I was trying to find equivalent "rollers that Hoke keeps referring to and most of the threads on here come back to ball mills no tumblers. Last time I tried to hammer a karat gold flat it shot off my metal work bench and across the garage.


----------



## butcher (Jul 17, 2014)

Jewelers roll gold to flatten it, or make it thinner, wider and longer, or in other types of rollers to make wire... 

Gold can be work hardened, or hardened with added metals, the gold can also be annealed (softened) with a heat treatment, making it easier to roll or work.


Karat gold will be much harder than pure gold which s very soft, hard gold can also become brittle and crack or break more easily under the hammer or rollers, or when worked.
Some metals like lead when melted with gold will make it very brittle.

During the working of gold, under the hammer or rolling, (which can harden even the more purer soft gold), the gold may need to be softened again by annealing to continue to work the gold.

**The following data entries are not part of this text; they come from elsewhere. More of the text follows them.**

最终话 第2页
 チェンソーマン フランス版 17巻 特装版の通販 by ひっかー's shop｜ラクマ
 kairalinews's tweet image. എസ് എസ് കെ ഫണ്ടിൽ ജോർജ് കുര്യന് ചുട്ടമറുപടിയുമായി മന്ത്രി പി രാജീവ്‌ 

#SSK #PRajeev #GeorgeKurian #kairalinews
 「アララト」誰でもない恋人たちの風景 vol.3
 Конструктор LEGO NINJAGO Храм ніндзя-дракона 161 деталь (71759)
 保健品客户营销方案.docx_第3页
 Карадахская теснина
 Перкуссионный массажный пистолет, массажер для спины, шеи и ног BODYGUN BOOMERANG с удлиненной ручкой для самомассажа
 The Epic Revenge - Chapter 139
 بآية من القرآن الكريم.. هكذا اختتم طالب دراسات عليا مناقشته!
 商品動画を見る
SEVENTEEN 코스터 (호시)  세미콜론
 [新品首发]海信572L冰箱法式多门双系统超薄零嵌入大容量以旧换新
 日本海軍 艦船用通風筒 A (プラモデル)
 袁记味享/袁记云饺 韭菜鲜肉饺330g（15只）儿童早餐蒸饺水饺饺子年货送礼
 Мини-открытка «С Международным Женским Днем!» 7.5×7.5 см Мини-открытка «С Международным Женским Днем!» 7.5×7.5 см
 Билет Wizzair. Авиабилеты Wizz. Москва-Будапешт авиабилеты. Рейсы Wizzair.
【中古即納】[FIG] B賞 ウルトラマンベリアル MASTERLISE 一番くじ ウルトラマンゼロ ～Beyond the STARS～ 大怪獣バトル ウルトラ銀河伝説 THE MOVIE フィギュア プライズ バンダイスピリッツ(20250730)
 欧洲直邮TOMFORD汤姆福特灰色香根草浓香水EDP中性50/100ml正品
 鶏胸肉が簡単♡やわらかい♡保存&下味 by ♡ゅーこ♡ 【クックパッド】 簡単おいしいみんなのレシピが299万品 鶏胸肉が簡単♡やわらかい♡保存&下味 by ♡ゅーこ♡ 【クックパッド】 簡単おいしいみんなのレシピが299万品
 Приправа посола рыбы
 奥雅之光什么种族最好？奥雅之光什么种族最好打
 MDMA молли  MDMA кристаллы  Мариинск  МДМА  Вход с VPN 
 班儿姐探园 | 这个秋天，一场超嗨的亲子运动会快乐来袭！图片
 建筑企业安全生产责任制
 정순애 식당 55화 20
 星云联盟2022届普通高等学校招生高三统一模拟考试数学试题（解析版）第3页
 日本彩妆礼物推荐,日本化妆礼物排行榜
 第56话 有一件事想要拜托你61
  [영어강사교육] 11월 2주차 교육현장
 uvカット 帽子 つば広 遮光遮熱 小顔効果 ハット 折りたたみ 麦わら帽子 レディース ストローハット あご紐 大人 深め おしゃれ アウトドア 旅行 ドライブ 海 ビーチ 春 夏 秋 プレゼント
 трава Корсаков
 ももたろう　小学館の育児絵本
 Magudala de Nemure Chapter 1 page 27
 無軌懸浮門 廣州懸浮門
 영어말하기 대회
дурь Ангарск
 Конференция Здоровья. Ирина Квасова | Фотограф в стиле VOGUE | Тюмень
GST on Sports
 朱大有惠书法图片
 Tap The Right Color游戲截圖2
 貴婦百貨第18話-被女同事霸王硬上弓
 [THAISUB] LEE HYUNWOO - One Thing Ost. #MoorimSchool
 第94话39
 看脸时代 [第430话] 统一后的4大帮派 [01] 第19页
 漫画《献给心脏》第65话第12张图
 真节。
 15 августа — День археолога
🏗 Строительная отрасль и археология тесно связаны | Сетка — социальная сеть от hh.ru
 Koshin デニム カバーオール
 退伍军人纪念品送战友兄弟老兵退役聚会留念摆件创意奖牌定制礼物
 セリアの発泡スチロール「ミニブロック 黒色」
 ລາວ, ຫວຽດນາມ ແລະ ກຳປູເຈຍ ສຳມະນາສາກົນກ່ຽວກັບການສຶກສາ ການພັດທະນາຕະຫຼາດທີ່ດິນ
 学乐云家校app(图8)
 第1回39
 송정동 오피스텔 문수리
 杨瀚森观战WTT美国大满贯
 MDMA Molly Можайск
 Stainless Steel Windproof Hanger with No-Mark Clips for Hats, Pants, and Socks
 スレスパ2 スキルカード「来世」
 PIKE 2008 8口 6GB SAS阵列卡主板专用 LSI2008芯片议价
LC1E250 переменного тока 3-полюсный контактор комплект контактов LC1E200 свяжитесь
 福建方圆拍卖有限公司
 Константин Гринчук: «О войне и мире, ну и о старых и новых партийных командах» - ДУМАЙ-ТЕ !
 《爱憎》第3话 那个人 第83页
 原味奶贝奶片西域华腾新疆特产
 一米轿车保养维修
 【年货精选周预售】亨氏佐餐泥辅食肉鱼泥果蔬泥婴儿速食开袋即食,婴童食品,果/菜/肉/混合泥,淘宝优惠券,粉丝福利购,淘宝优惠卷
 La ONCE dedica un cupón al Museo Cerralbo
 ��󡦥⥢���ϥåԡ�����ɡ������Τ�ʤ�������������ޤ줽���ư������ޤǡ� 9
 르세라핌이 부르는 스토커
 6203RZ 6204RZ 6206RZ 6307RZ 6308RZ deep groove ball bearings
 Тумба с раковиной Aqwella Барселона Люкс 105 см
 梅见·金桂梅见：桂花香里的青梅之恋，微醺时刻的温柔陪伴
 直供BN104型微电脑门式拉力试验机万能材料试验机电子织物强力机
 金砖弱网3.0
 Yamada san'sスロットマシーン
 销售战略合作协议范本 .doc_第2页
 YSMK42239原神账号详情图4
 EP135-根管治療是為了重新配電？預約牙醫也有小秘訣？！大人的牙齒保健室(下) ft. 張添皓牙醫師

Here is a place you may be able find some help with your question, of jewelers supply's and the processes they use, they have some good info on their web site. Spend a little time looking around their site, they have several good tidbits of information, which is helpful, I have ordered some supply’s from Lacy West, and was very pleased with them, their prices and products.

http://www.lacywest.com/

The ball mill is not what your looking for, or would be no help, unless the goal is to plate the ball mill and balls with powdered gold smashed into, or on its metal surface.


----------